Opinion
No. 13-50245
06-24-2014
Appeal from the United States District Court
for the Western District of Texas
USDC No. 2:07-CR-1095-1
Before SMITH, WIENER and PRADO, Circuit Judges. PER CURIAM:
Pursuant to 5TH CIR. R. 47.5, the court has determined that this opinion should not be published and is not precedent except under the limited circumstances set forth in 5TH CIR. R. 47.5.4.
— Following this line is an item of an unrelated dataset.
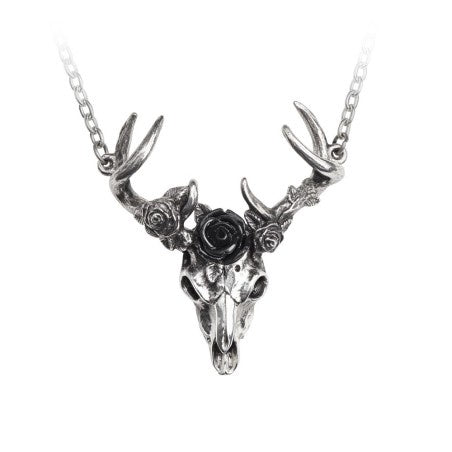 ALCHEMY - White Hart, Black Rose Necklace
Defendant-Appellant Mark Castillo appeals the district court's judgment imposing an additional three-year term of supervised release as part of his sentence for violating terms of a prior supervised release. We AFFIRM.
I. FACTS AND PROCEEDINGS
In 2008, Castillo pleaded guilty to one count of importing less than five grams of cocaine base from Mexico, in violation of 21 U.S.C. § 960(a)(1), (b)(3). While awaiting sentencing, Castillo's pre-trial release was revoked after he (1) submitted a urine sample that tested positive for cocaine, and (2) admitted that he had used cocaine twice while on pre-trial release. The district court sentenced him to 21 months of imprisonment, followed by a three-year term of supervised release. A special condition of this supervised release required him to "abstain from the use of alcohol and/or other intoxicants during the term of supervision."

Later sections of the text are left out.